On the other side, some things PVS can do is, as the speaker in the webinar stated, help you monitor traffic you can’t run active scanning on. Sure it’s still limited, but it’s something. Also PVS can help you identify new systems as they come up and generate traffic on the network. New systems that maybe you don’t have configured to scan in your IP ranges. Maybe new IPs that are firewalled off and your scans returns 0 results for. So PVS is good for something and not a complete waste. Also, PVS in Tenable’s implementation can be combined with Nessus scans using Security Center. This way you can view PVS data with Nessus data and validate both results. Another thing PVS can do is detect potentially compromised systems using plugins looking for traffic to malicious sites. This is similar to IDS or even what Sourcefire used to call RNA. Now called FireSight.
In the webinar, an excellent question was asked. “Does Rapid7 have a PVS technology?” The answer is No, but they work with Sourcefire and could help customers that way. I would say that Sourcefire’s FireSight is not exactly the same as Tenable’s PVS. Sourcefire FireSight, focuses a lot on finding data on endpoints like OS version, even app versions so that it can be used to tune IPS/IDS rules. Tenable’s PVS is used to find vulnerabilities, to take remediation action on. So while they both use packet sniffing techniques, the end results are a bit different.

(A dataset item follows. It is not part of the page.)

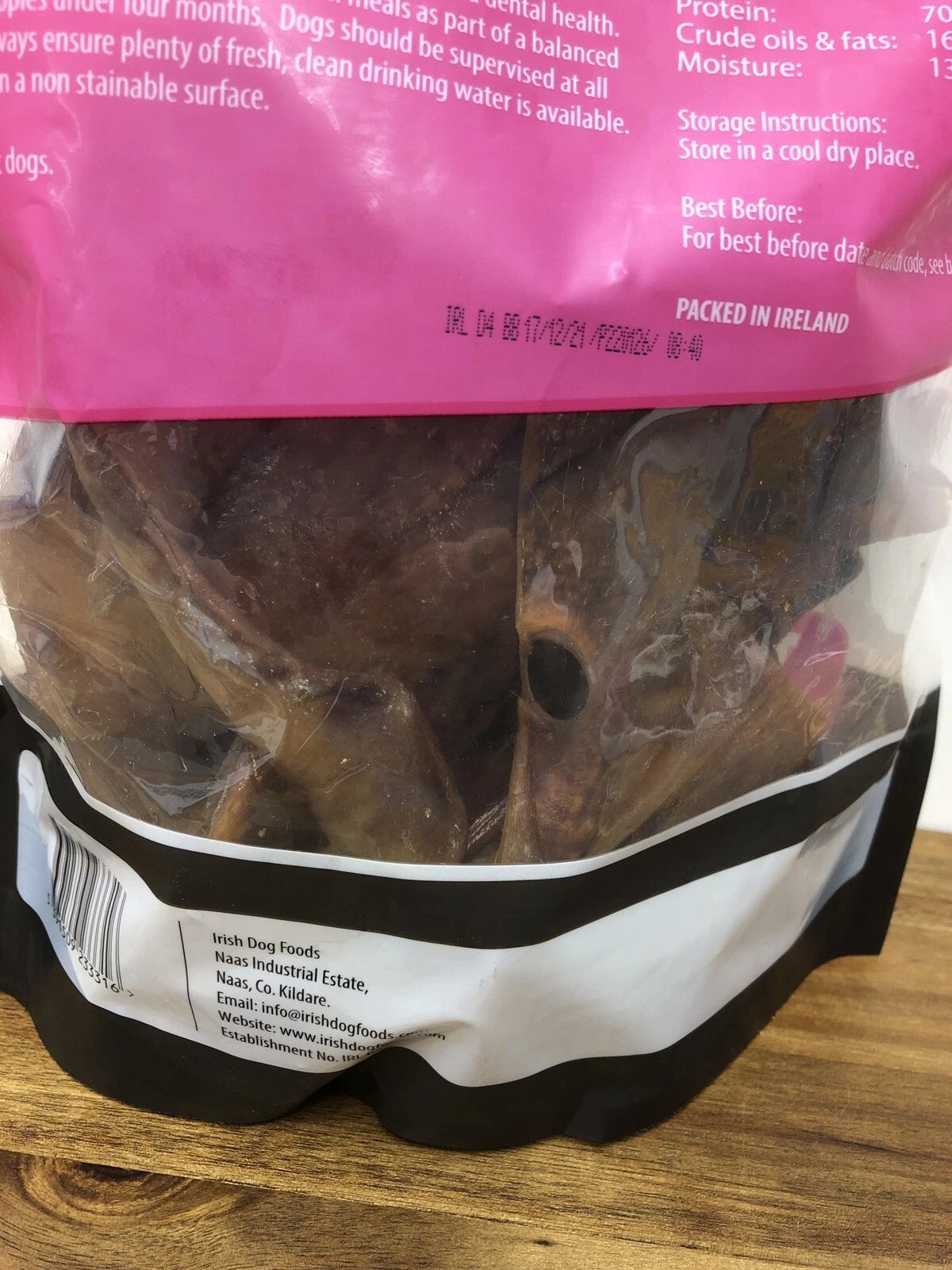 Irish Rover pig ears dog treats barcode packaging 12 pack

Finally, my intention for this post is to clarify some fear that may have been transmitted in the webinar by saying that PVS has very little value. I don’t recall Tenable calling it the best tool ever, so be aware of that side of the coin as well. Every tool has its uses, and Rapid7 has a very good suite of tools, as does Tenable. Take a look at all of them and make the decision.
My personal preference, of which parts can be found in my twitter history and previous blog posts, is to use Nessus and import results to Metasploit. Also use PVS to fill in any gaps. On the IDS/IPS side, Sourcefire IPS and FireSight is a great combination. I will even run wireshark on my desktop. Thats 3 packet capturing tools in total.